Горела только настольная лампа – остальная часть комнаты тонула в неясных тенях. Я обвел взглядом бесконечные ряды энтомологических энциклопедий, блокнотов, ящичков для сбора материала, наколотых на булавки жуков. В один прекрасный день взрослая версия меня обзаведется ровно таким же кабинетом. По центру стола стоял набор шкатулок из красного дерева, уже полностью готовых для поездки.{59}59
  Их подарил ей русский энтомолог, доктор Иршгив Ролатов, который пару лет назад гостил у нас на ранчо и, кажется, проникся к доктору Клэр по меньшей мере крепкой симпатией собрата-ученого, если не всей страстью загадочной славянской души.

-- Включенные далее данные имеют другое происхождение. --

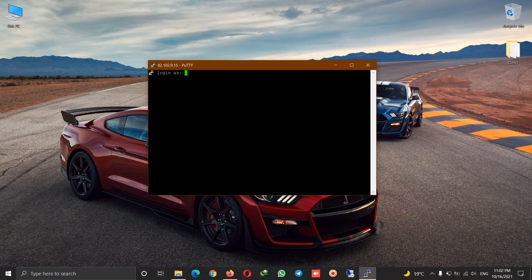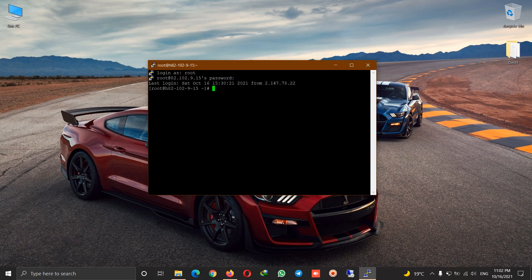In this video I'm going to show you how to change password in PuTTY. Once you're in the app, you log in, you write the last password, and then we write passwd.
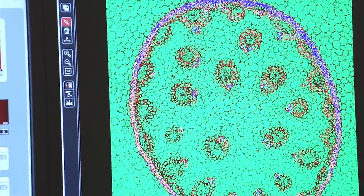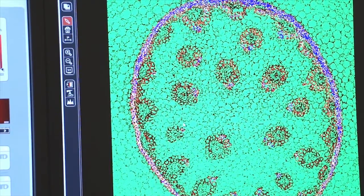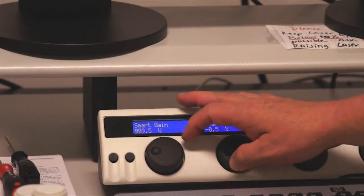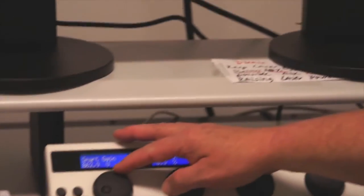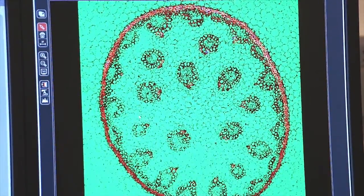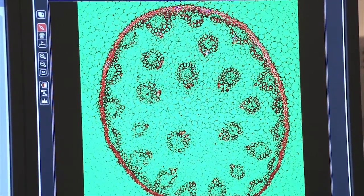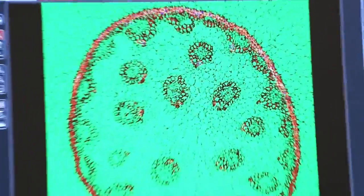Your gain control will change the number of blue pixels in your image and you want to turn the gain down until you have only a few blue pixels. As you can see here, at about 891, I'm starting to see a few blue pixels in my image. That's the proper setting for my gain.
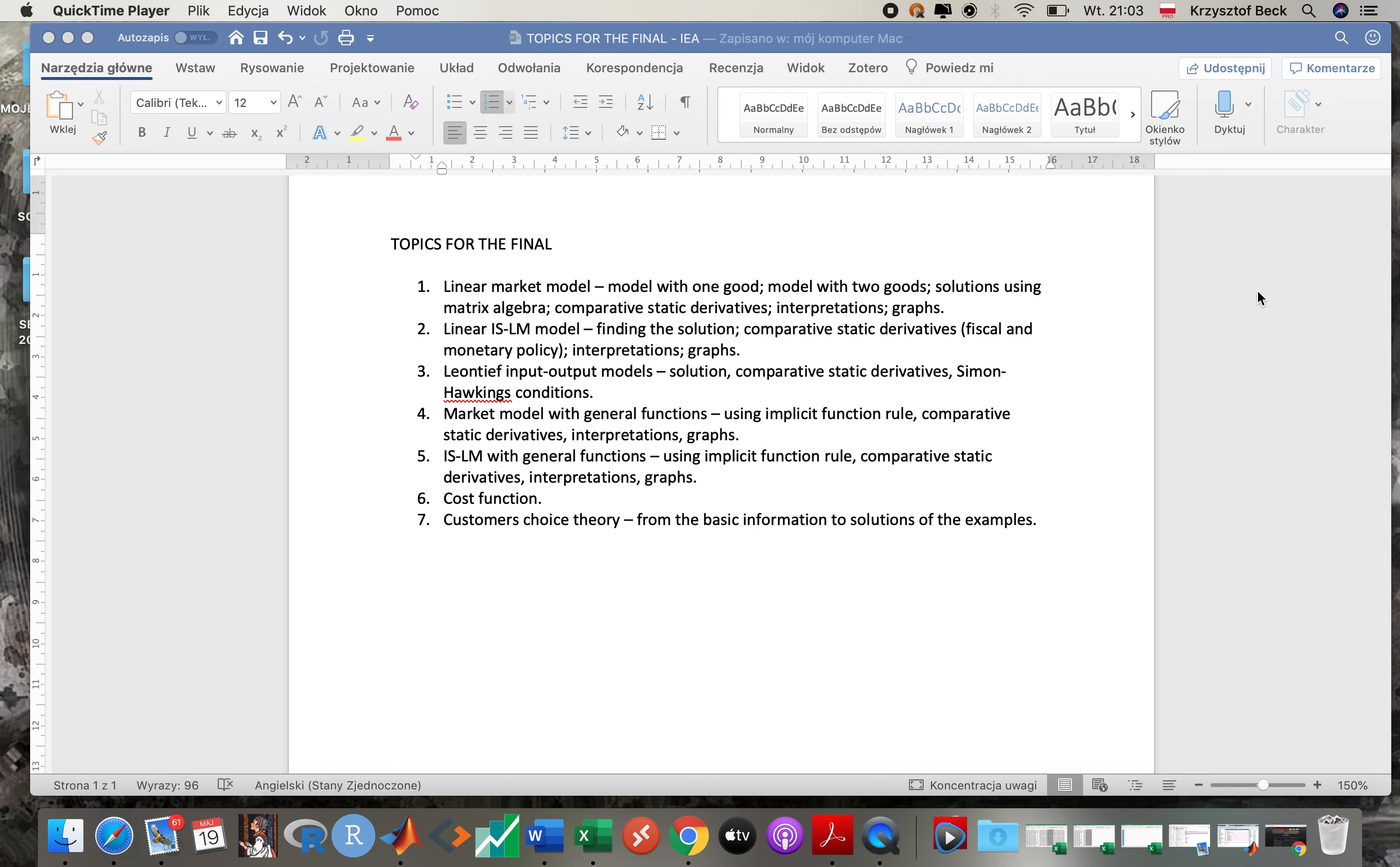Okay, so look, you see what you need to learn basically on this list. So linear version of market model - model with one good, remember to also do model with two goods, how to find solutions using matrix algebra, comparative static derivatives, so remember those are derivatives of equilibrium solutions with respect to some parameters, interpretations. This is very important in graphs. All of this you will find actually everything you've got here you can find in the notes.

По-английски он не говорил вообще, зато за столом непрестанно разглагольствовал на родном языке, как будто мы его понимаем.
  А потом как-то вечером отец вошел в дом, заткнув большие пальцы за пояс джинсов, что у него всегда означало: на ранчо Коппертоп не все ладно. Чуть позже доктор Ролатов, хромая, пробрался в дом с черного хода. Лицо у него было в крови, а всегда причесанный чуб торчал дыбом, точно вскинутая в приветствии рука. Он прошел мимо меня на кухню – молчаливый, притихший впервые за две недели на ранчо. Мне почти захотелось снова услышать его пылкую гортанную речь на непонятном нам языке. На следующий день он уехал.
  Это был один из тех редких случаев на моей памяти, когда отец подкреплял свои брачные клятвы.


[Закрыть]

Снова услышав шорох камня о камень, я наконец осознал, что он исходит из террариума, в котором доктор Клэр держала живые образцы. В полутьме два больших жука-скакуна обходили друг друга кругами. Потом они бросились в атаку – стук столкнувшихся панцирей звучал на диво громко и приятно для слуха. Я понаблюдал, как они несколько раз повторили это представление.

– Ну и чего деретесь? – спросил я. Они посмотрели на меня. Я кашлянул. – Простите. Занимайтесь своим делом.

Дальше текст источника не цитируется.